- [INSTRUCTIONS TO FOLLOW]:
Retype the data that follows exactly. No pictures belong in the copy.

- [RECORDED INFORMATION]:
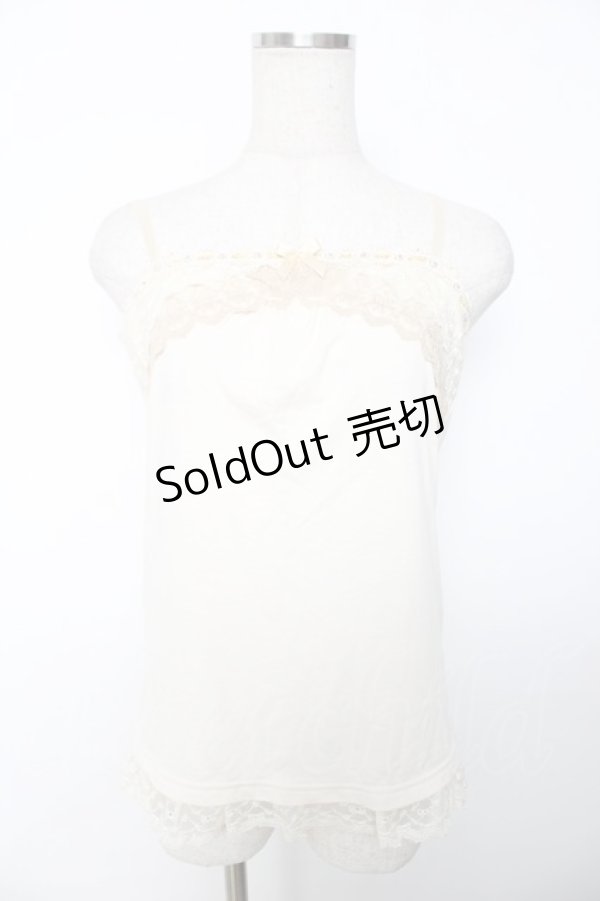 画像1: axes femme / リボンつきストラップキャミ M 生成り Y-25-12-04-041-AX-TO-SZ-ZS (1)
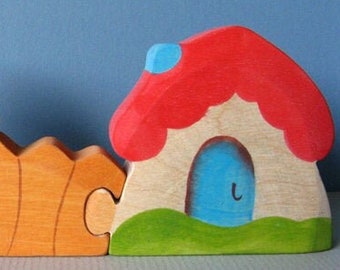 On sale! Summer Cottage, wooden Waldorf puzzle toy, wholesome play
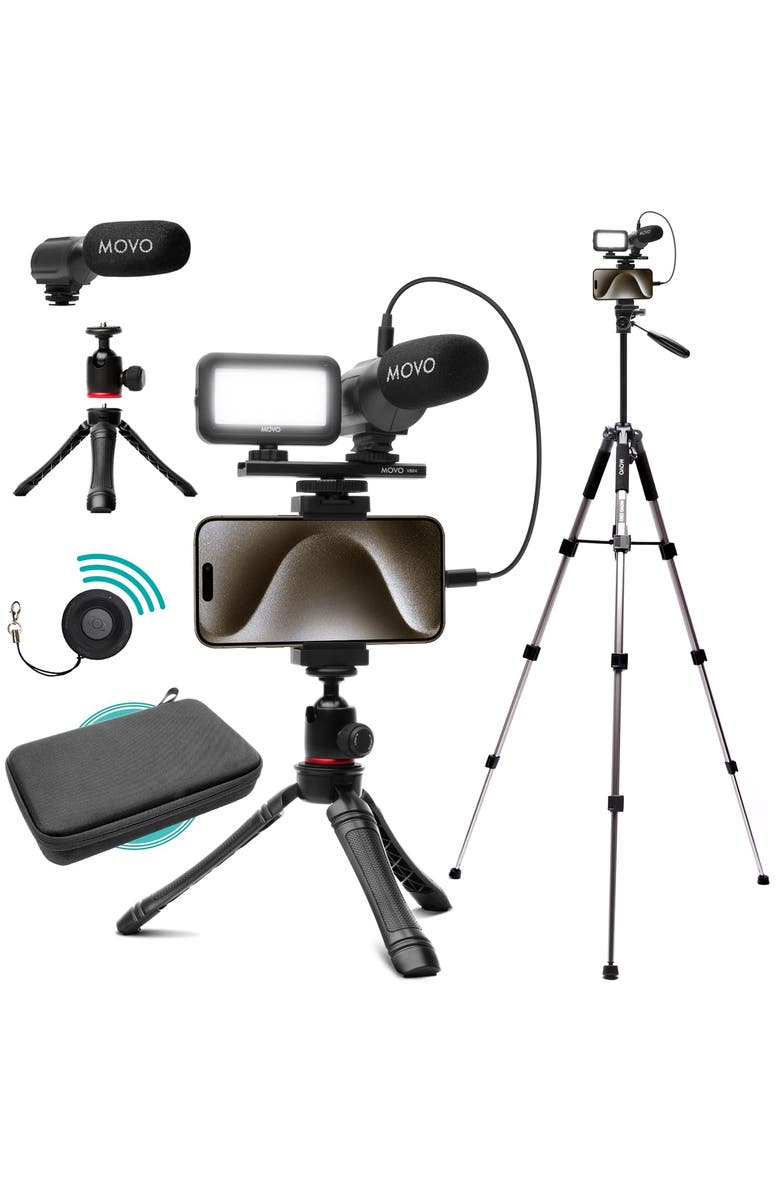 MOVO USB-C Vlogging Kit for iPhone 15 and up with Fullsize Tripod, Main, color, Black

- [SOLVED PROBLEM]:
 画像1: axes femme / リボンつきストラップキャミ M 生成り Y-25-12-04-041-AX-TO-SZ-ZS (1)
 On sale! Summer Cottage, wooden Waldorf puzzle toy, wholesome play
 MOVO USB-C Vlogging Kit for iPhone 15 and up with Fullsize Tripod, Main, color, Black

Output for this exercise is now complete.